Sedangkan dalam Shahih Al-Bukhari dan Sahih Muslim diriwayatkan sebuah hadis dari Aisyah r.a, yang artinya “Bahwasanya Nabi SAW pernah junub, padahal beliau berpuasa, kemudian beliau mandi”.
Dengan demikian, janabat itu tidak mempunyai pengaruh terhadap puasa dan orang wajib mandi apabila hendak shalat.

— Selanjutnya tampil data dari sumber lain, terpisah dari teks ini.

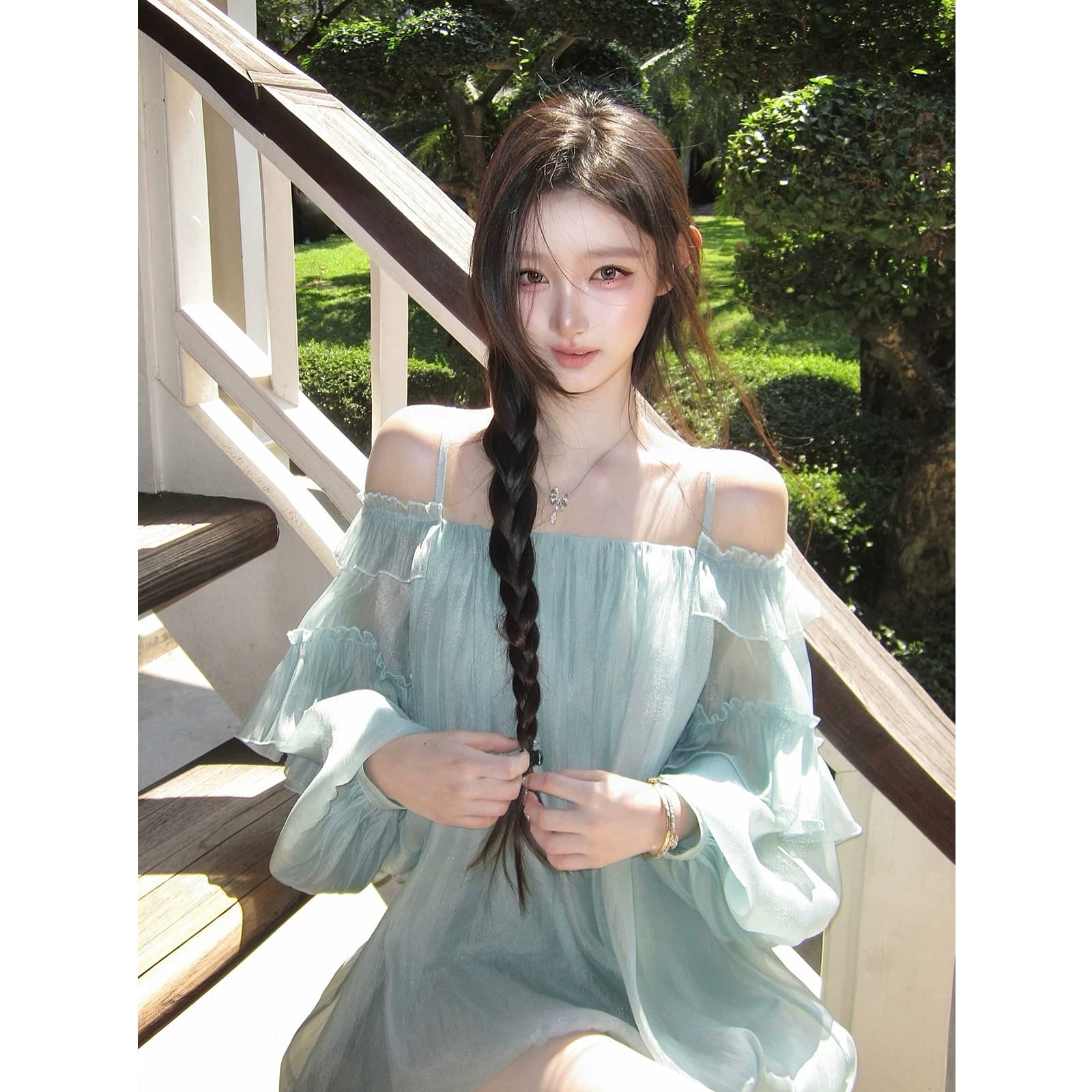감기 품격 프릴 꽃밭 센스 한 단어 오프숄더 Tulle 슬립 해변 여성 드레스 중간 길이 치마 상세 이미지 7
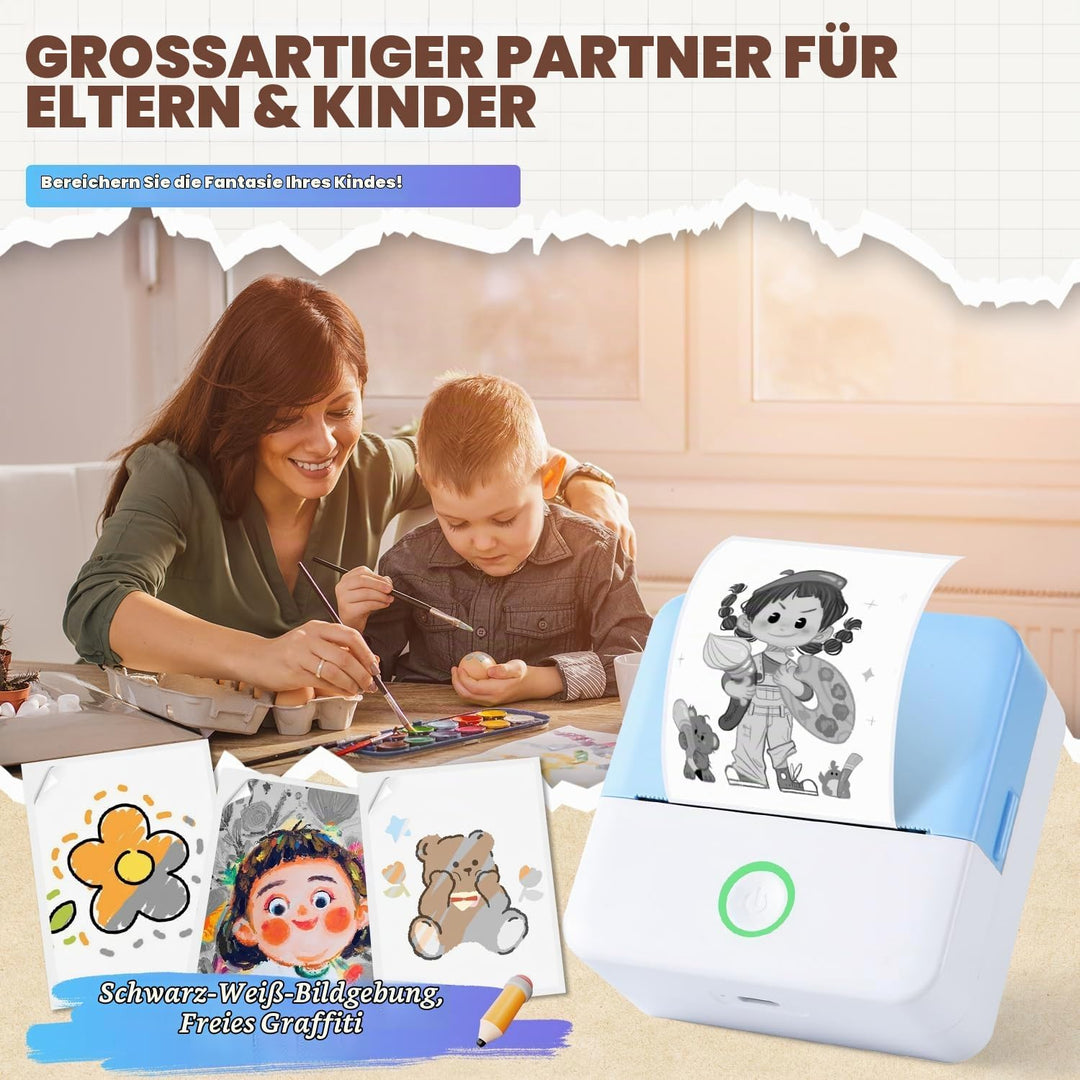 PRAOAHEI Mini Drucker, Tragbarer Thermodrucker mit 10 Rollen Druckerpapier | Bluetooth Etikettendruc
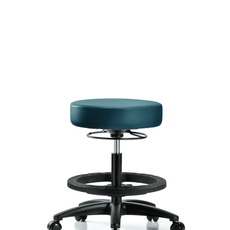 Vinyl Stool without Back - Medium Bench Height with Black Foot Ring & Casters in Marine Blue Supernova Vinyl - VMBSO-RG-BF-RC-8801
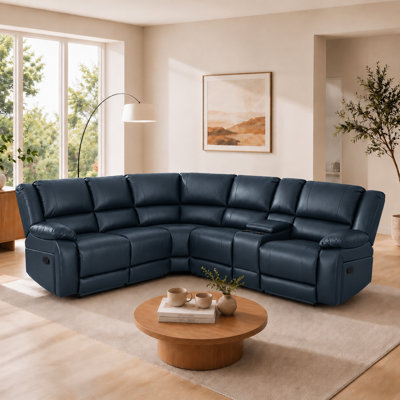 Canapé modulaire inclinable en similicuir 5 places avec console rabattable et porte-gobelets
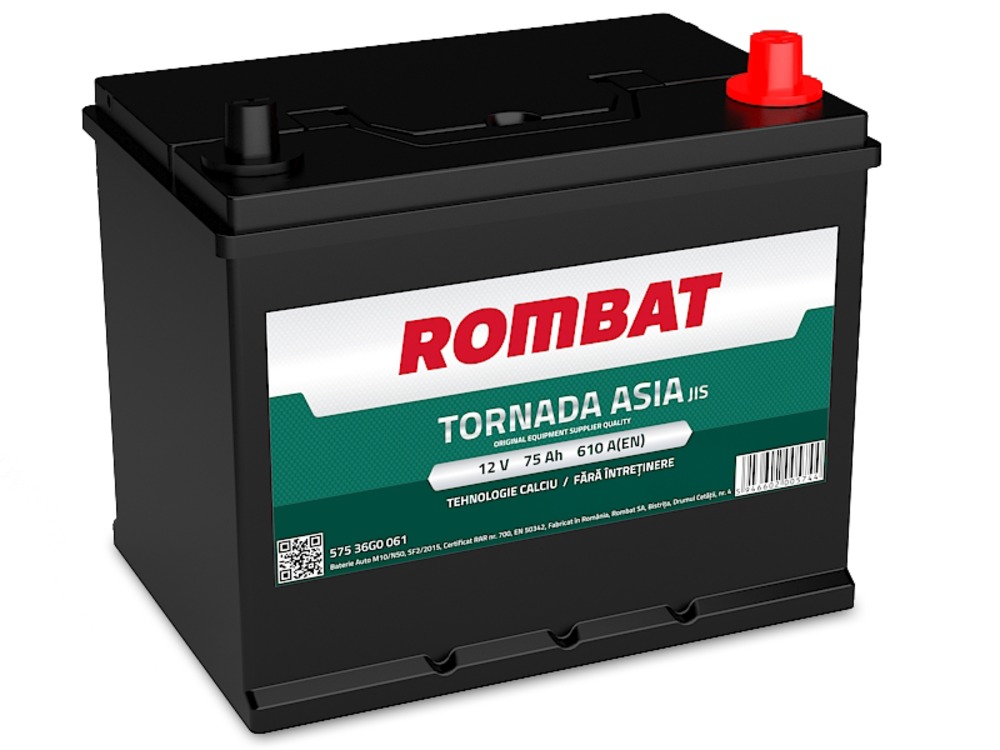 baterie auto ROMBAT tornada asia 75 ah borne normale-Rombat baterie auto ROMBAT tornada asia 75 ah borne normale-Rombat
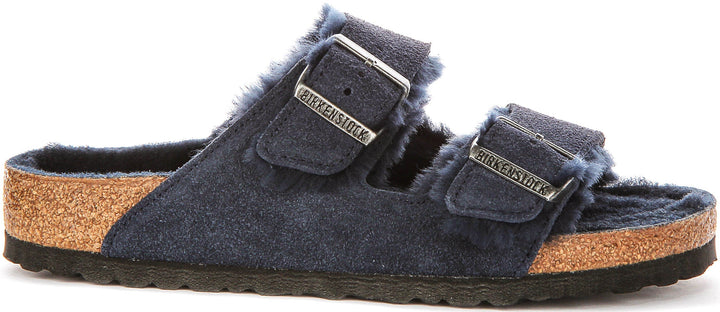 Birkenstock Arizona-sandalen | marineblauw suède met voering van lamsvacht voor dames – normale pasvorm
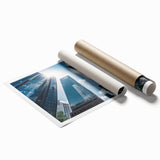 Extra large rolled print featuring a detailed skyscraper design in gray tones, suitable for classy bathroom wall art.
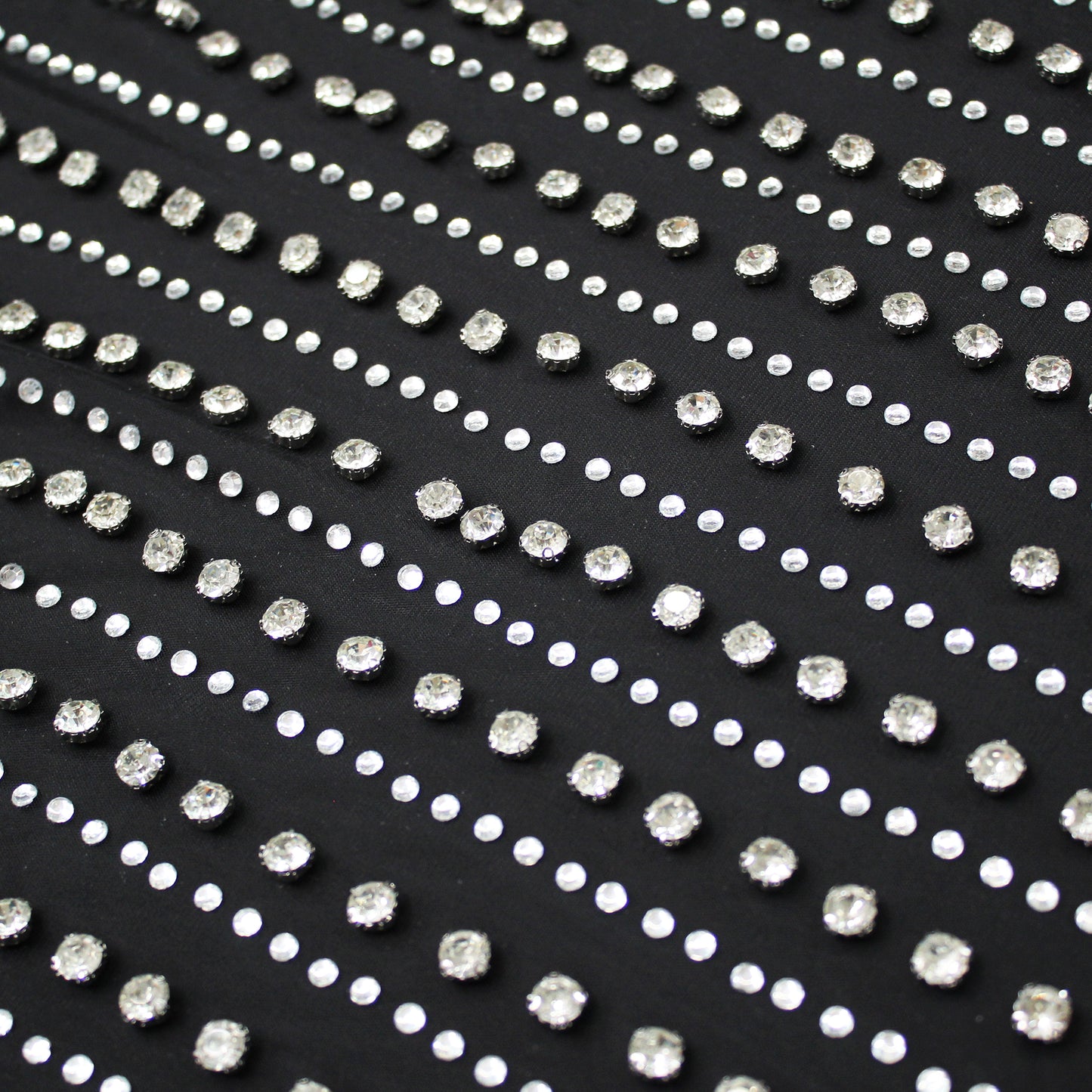 Embroidered Tulle with Horizontal Strass and Diamond Bands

B.     Hikmah di Syariatkannya Puasa
Hikmah-hikmah disyariatkannya puasa, antara lain:
1.      Puasa merupakan ibadah karena Allah, ketundukan terhadap perintah-perintah-Nya dan pemeliharaan diri dari larangan-larangan-Nya.
2.      Mendidik jiwa dan membiasakannya untuk bersikap sabar dan tabah ketika menanggung kesulitan dalam menjalankan agama Allah SWT.
3.      Puasa mendidik rasa cinta, belas kasih dan penyantun yang ada dalam diri manusia dan dari pendidikan puasa itu akan lahir manusia-manusia yang lembut hatinya dan baik jiwanya.
4.      Puasa mendidik jiwa manusia dengan menanamkan perasaan takut kepada Allah yang Maha Agung lagi Maha Tinggi dan takut kepada-Nya, baik di tempat tersembunyi maupun di tempat ramai, serta menjadikannya manusia yang bertakwa, yang menjauhkan diri dari segala yang dilarang oleh Allah SWT. 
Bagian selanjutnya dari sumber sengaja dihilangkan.